The scary details are here https://support.lastpass.com/help/what-data-was-accessed; a quick glance shows how much data was accessed.
If you’re one of the 25 million people potentially affected by the LastPass data breach, our advice is below.
Next Steps for Consumer LastPass Subscribers:
- Patch, upgrade, and disable network adapters, or get rid of anything on your home network that may be compromised. If a device in your home is not long supported (end of life) and not getting software updates, it’s time to take it offline.
- Find a new password manager. Given LastPass’ history with security incidents and considering the severity of this latest breach, now is a better time than ever to seek an alternative.
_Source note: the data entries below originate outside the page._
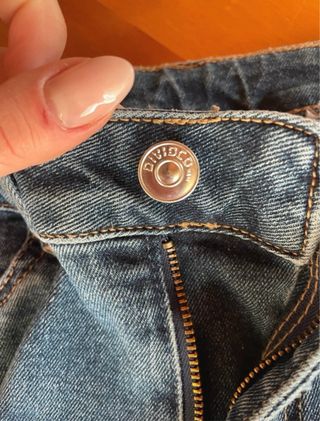 Jeans H&M vita alta a zampa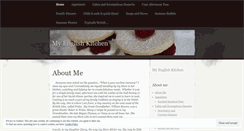 Desktop Screenshot of myenglishkitchen.wordpress.com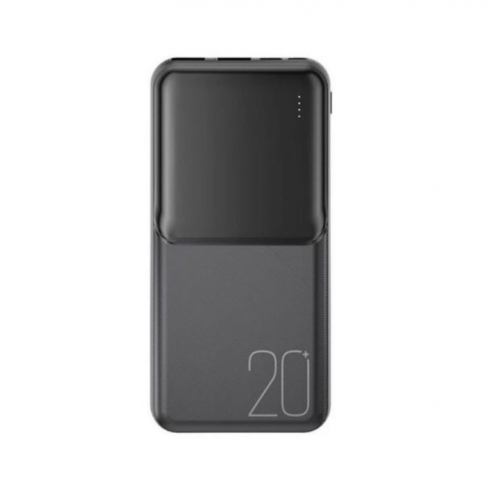 Внешний аккумулятор Power bank XO PR252 20000 mAh Черный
- Change your most important site-level passwords immediately. This includes passwords for anything like online banking, financial records, internal company logins and medical information. Make sure these new passwords are strong and unique.
- Change your other online passwords, especially if they were stored in LastPass. Start with the order of importance, changing the passwords to accounts like email and social media profiles, then you can start moving to other accounts that may not be as critical.
- Enable two-factor authentication wherever possible. Once you’ve changed your passwords, make sure to enable 2FA on any online account that offers it. This will give you an added layer of protection by alerting you and requiring you to authorize each login attempt. That means even if someone ends up obtaining your new password, they shouldn’t be able to gain access to a given site without your secondary authenticating device (typically your phone).
- Change your master password. For those of you who are brave and loyal to LastPass, do this fast. Though this doesn’t change the threat level to the stolen vaults, it’s still prudent to help mitigate the threats of any potential future attack.
Next Steps for Organizations Using LastPass:
- Ensure that network and application segmentation is enabled, and that lateral movement is reduced.
- Patch all internal and infrastructure resources to help reduce the risk of systems with known vulnerabilities being discovered and compromised.
- Deploy Endpoint Detection and Response (EDR) and other security software to all systems that will be granted access.
- Ensure that end user systems are upgraded so get all, new security fixes.
- Scan end user devices for software that isn’t corporate approved.
- Enable device posture assessments like those done by Banyan Security’s Device Trust. Create a policy that instantly revokes or reduces authorization when a device goes out of compliance.
- Enable User and Entity Behavior Analytics (UEBA) to discover unexpected and/or unwanted behavior from known users and devices.
- Enable tunnel traffic discovery and analysis to further gain insights into suspicious traffic patterns, sources, and/or destinations.
- Enable application and server discovery to find systems on-premises or in the cloud that may be unknown, unpatched, or misconfigured.
From the lens of another security company in the industry: the choice LastPass made to place blame at the feet of the remote worker (and on the lack of security in remote working) has inherent problems. The LastPass stance is a complicated one, given how broad the remote worker migration has been, particularly over the past five years. Many companies have built reputations on securing employees no matter where they happen to be sitting. One thing is for sure: remote working is here to stay, and it’s far less painful to secure your workforce before the breach than to risk losing your company afterward.